# Sweetbreads



## cape chef (Jul 31, 2000)

I sold a lot of sweetbreads tonight, I made large open face ravioli with sauteed sweetbreads,buttered salsify and porcini mushrooms with a little buerre noisette and fried sage. It went over well,made me think
Does anyone still prepare sweetbreads? and if yes in what way?
cc


----------



## cape chef (Jul 31, 2000)

chrose that sounds tasty!!What did you serve with it?
cc


----------



## cape chef (Jul 31, 2000)

Just a fyi, Some of you might not be aware what sweet breads are. I no I did not no when I first started in the business.
They are the Thyroid gland of the calf.
They weigh about a 1/2 pound to a pound. There are blanched is salted water and cooled. They are then weighted down (pressed if you will)in the fridge for a couple days. This process helps remove any impurities and also compact the sweet bread. It is then peeled ( by hand ) to remove the outer membrane. Generally it is sliced Ala scalipini style ,dredged in seasoned flour and sauteed. Finished with a number of applications. The reason I asked the question was that sweet breads used to be very cheap, not considered a center of the plate item. But you where still able to find it served in certain restaurants. I paid $13.00 a pound this past week, that's a big change from the early days.Sweet breads do really have a mild flavor and wonderful texture. Goes well with lobster and wild shrooms. I just wanted to let some of you know if you where unsure about what a sweetbread is.

cc


----------



## shroomgirl (Aug 11, 2000)

Salsify!!yummmmmmmm
open face ravioli...not heard of that one.
Sounds wonderful.
I love Bayona (Susan Spicer's) sweet breads.
sauteed topped with buerre blanc. simple classic.
One of my farmers raises salsify...I just discovered it last year...coming out of the ground it has loads of long hair coming out of it....and it's not black but musty white.
Nothing like what I've seen in the store.

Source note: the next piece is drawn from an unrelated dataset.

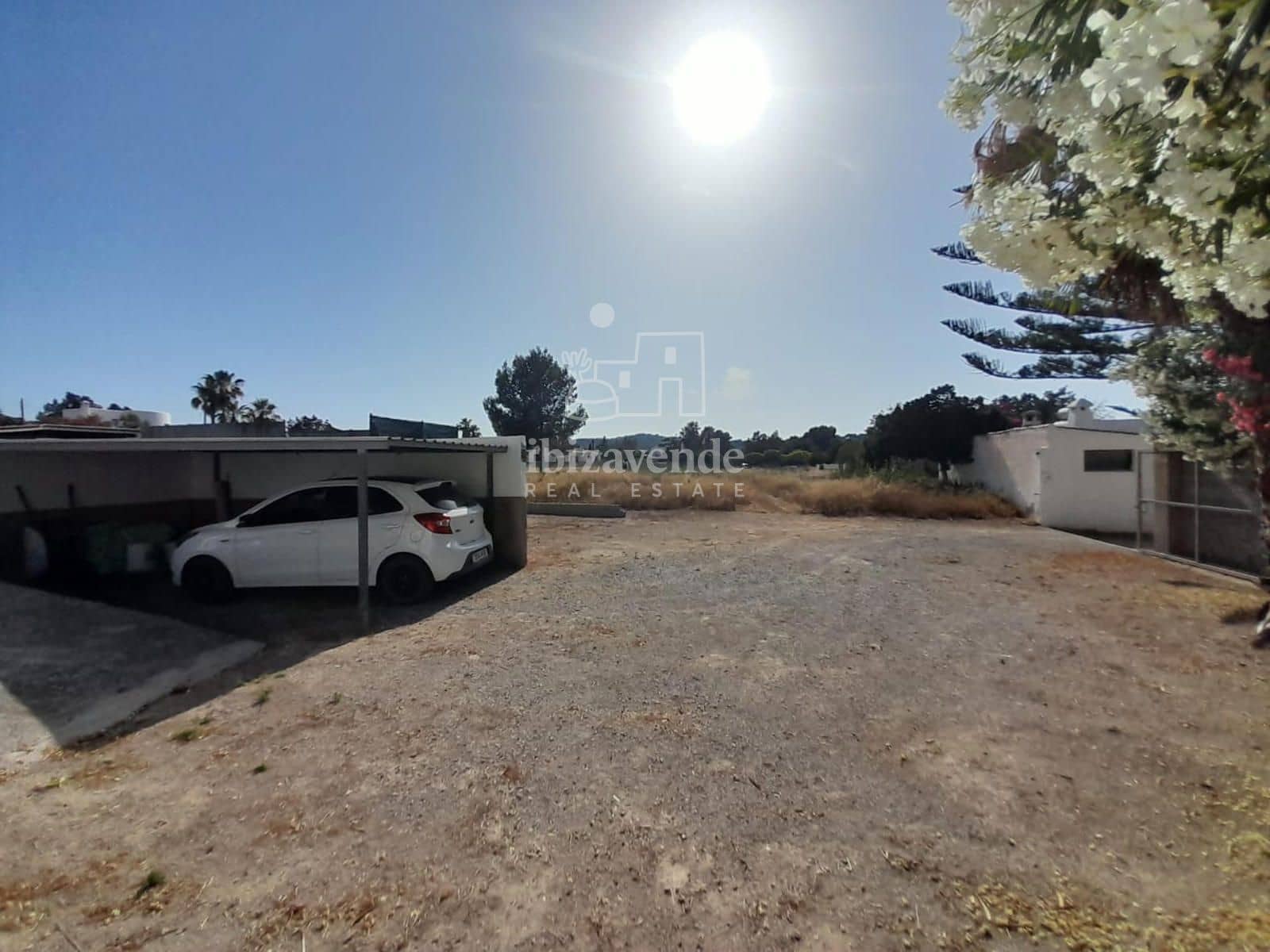 3 soveværelse Villa til salg i Port des Torrent med swimmingpool garage - € 895.000 (Ref: 9127513)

What about piggy parts? I have access to numorus piggy parts that others don't want at butchering time.


----------



## isa (Apr 4, 2000)

Cape Chef,

I think your finger slipped back there. Sweetbread is not thyroid gland but the thymus glands of calves or sometimes lambs. The thymus is located just beneath the upper portion of the sternum in almost all vertebrates. The thyroid is located in front of and on each side of the thyroid cartilage of the larynx.

Who knows maybe thyroid glands are delicious. You should try it sometime maybe you'll invent a new dish.


----------



## cape chef (Jul 31, 2000)

Sisi, You are absolutely right......
I will be more careful before I post.
Thanks for the correction







:
cc


----------



## nick.shu (Jul 18, 2000)

ummm, iam so cautious about v.CJD that offal is infinitely off my list - given that BCE is interspecies transferable, (i.e BCE can be transfered to sheep to cause scrapie and perhaps to humans in the form of v.CJD), im not really that taken by this.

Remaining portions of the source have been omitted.